Depuis longtemps oubliée cette mesure phare de la campagne présidentielle de François Hollande, bloquée par le conseil constitutionnel revoit le jour sous une autre forme. Dans le nouveau projet la taxe s’applique aux entreprises et non aux contribuables, cette différence à priori infime fait déjà hurler certaines entreprises et notamment les clubs de football français. Jean-Philippe Delsol avocat fiscaliste et administrateur délégué de l’institut de recherche économique et fiscale, nous a expliqué quels seront les résultats de cette nouvelle loi si elle arrive cette fois à passer la barrière du conseil constitutionnel, chose dont il n’est pas du tout convaincu :

La Voix de la Russie : C’est un peu un « déjà vu », on a vu presque la même réforme se faire refuser par le conseil constitutionnel, qu’est ce qui change cette année alors ?

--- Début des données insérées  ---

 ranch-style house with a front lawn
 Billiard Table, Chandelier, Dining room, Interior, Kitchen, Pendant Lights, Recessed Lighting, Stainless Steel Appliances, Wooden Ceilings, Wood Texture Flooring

Jean-Philippe Delsol : En réalité les modalités de l’imposition ont changé puisque au lieu d’imposer le bénéficiaire de la rémunération à 75% au-delà de 1 million d’euros, la surtaxe pour atteindre les 75% va être payé par la société qui rémunère le cadre supérieur concerné. En réalité le résultat sera exactement le même. Ce que nous constatons c’est que la majorité socialiste joue pour les 75% comme pour beaucoup d’autres impôts à un jeu qui consiste à savoir – comment détourner les avis du conseil constitutionnel ? – et c’est assez scandaleux parce que en quelque sorte c’est une atteinte aux décisions du conseil constitutionnel, c’est à dire que d’une certaine manière c’est un détournement de l’état de droit.

LVdlR : Pourquoi cet acharnement sur cette loi ? Pourquoi le gouvernement veut la faire passer alors que tout le monde sait que le profit sera minimum et en plus ça donne une image assez médiocre du gouvernement en place ?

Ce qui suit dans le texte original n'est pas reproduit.